## Assigned task
Could you write out, exactly, every line from the top of the data through the line holding "World Harbor Roasted"? Omit the pictures.

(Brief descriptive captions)

※ ※ ※

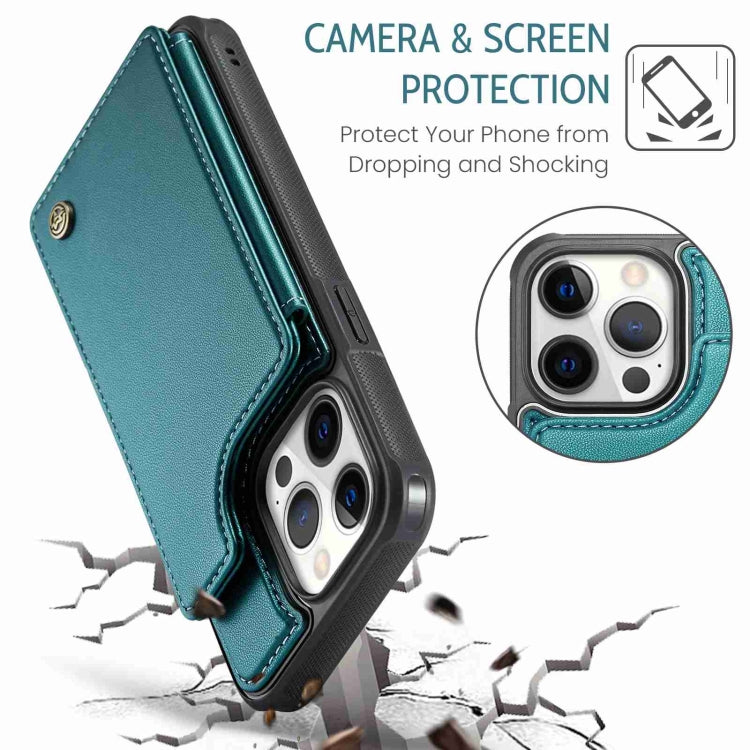For iPhone 12 Pro Max CaseMe C22 Card Slots Holder RFID Anti-theft Phone Case(Blue Green)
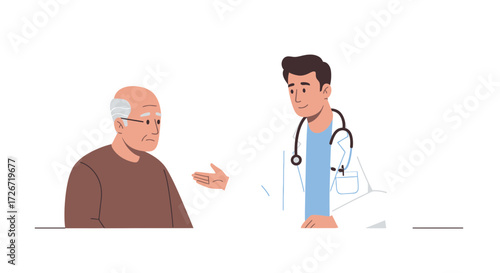Doctor consulting with senior patient, discussing health concerns and offering medical advice in a professional setting for wellness.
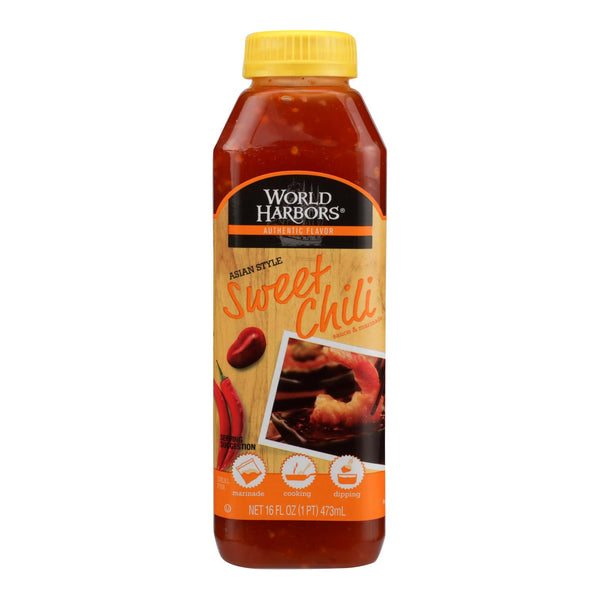 World Harbor Roasted Asian Style Sweet Chili Marinade and Sauce - Case of 6 - 16 Fl Ounce.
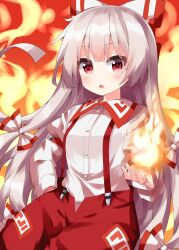 Rule 34 | bow, bowtie, fire, fireball, fujiwara no mokou, hair bow, highres, long hair, long sleeves, multiple hair bows, one-hour drawing challenge, overalls, pants, red eyes, red overalls, red pants, ruu (tksymkw), shirt, touhou, very long hair, white hair, white shirt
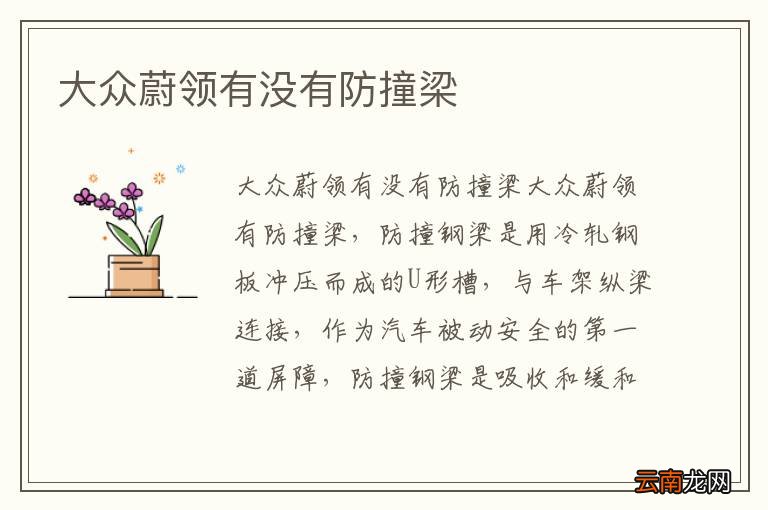大众蔚领有没有防撞梁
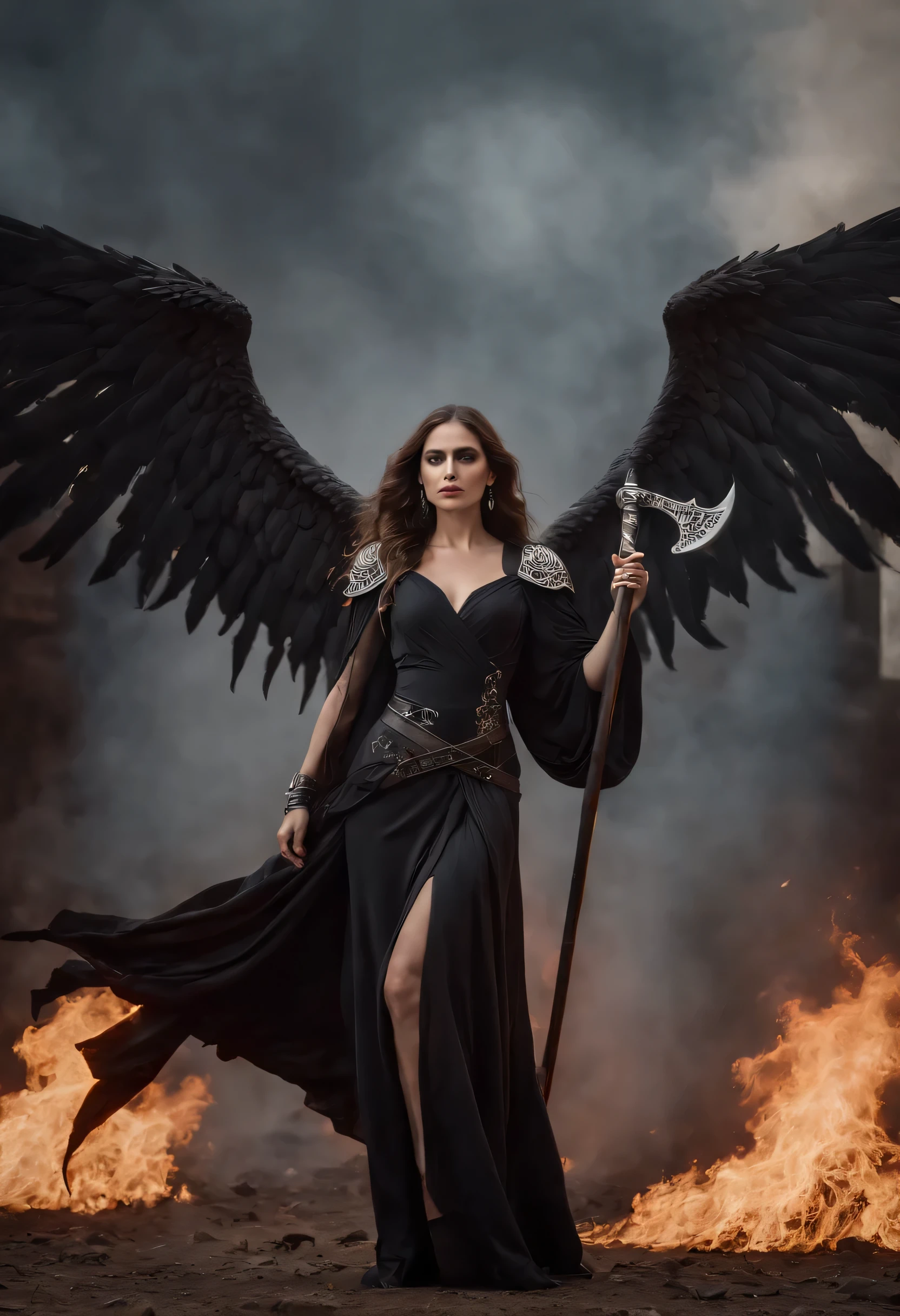 (masterpiece, 8K, UHD, photo-realistic:1.3), Death's Angel, (glistening ebony wings:1.4), towering, holding a (sleek scythe:1.2) in grip, cold steel, reflecting flames, standing atop, (mound of skulls:1.3), empty eye sockets, whispers of past souls, fiery backdrop, raging inferno, dancing flames, silhouetting the figure, billowing smoke, crimson hue, intimidating presence, ominous atmosphere, dynamic angle, side view, deep shadows, intricate detailing on wings and attire.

※ ※ ※

## Solution to the exercise
For iPhone 12 Pro Max CaseMe C22 Card Slots Holder RFID Anti-theft Phone Case(Blue Green)
Doctor consulting with senior patient, discussing health concerns and offering medical advice in a professional setting for wellness.
 World Harbor Roasted Asian Style Sweet Chili Marinade and Sauce - Case of 6 - 16 Fl Ounce.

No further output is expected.